Creato il 19 luglio 2010 da Chiaramarina

1.2 Croce, Gentile ed il mito fascista

Bodei, come Croce, ritiene che nella storia ci siano periodi in cui il seme della follia intacca la mente umana. A tale proposito egli scrive che: «da più parti la cultura del Novecento sembra rinunciare alla razionalità in nome del mito»[1]. Un mito che esalta una falsa perfezione, che inneggia al darwinismo sociale, che abbatte gli ideali di libertà, che strumentalizza la scienza, la cultura, la religione e quanto altro per compiere la celebrazione del regime. «Spesso il mito, imposto con ogni mezzo, è utilizzato per rafforzare o addirittura sostituire, quando manca, la vaga e lacunosa filosofia di base; o per mascherare eventuali interessi contrastanti protetti»[2]. Del grande mito fascista furono vittime non solo i comuni cittadini ma anche, com’è noto, innumerevoli intellettuali.

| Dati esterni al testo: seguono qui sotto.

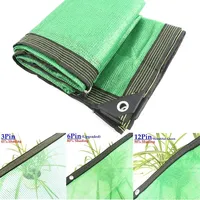 Filet d'ombrage vert anti-UV en HDPE à 3 à 12 brins pour gazebo extérieur, auvent, serre, jardin, piscine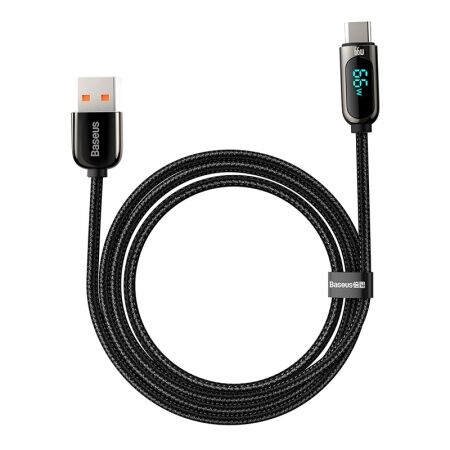 Кабель USB BASEUS Display Fast Charging, USB - Type-C, 66W, 1 м, черный - 1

Ad esempio, è noto che lo schieramento di Giovanni Gentile in favore del fascismo provocò la rottura del rapporto d’amicizia con Croce. Secondo Vossler la rigidità del carattere di Gentile e la sua filosofia assai poco concreta lo rendevano particolarmente esposto al fascino dell’ideologia fascista.

Se nel pensiero del Gentile si annunzia, come sembra, qualcosa di simile, se cioè vi è veramente misticismo, temo che discussioni ulteriori tra me e lui non possano aver altra fine che quella di argomentazioni ad nomine, quali del resto si annunzian di già, specialmente nel tuo primo attacco. Ci sarebbe, insomma, il pericolo di disgusti personali che potrebbero portare il freddo nella vostra buona e lunga amicizia. Questo mi farebbe pena. Per quanto io conosca il Gentile, mi pare che l’identità di pensiero con la vita tanto pratica quanto teorica, sia per lui qualche cosa di certo, quindi indiscutibile. Di questa fede tutta la sua vita è informata. Se no, come avrebbe egli, così esatto e prudente nella scienza, potuto tirare avanti così disavveduto ed eroicamente imprudente nelle faccende pratiche?[3].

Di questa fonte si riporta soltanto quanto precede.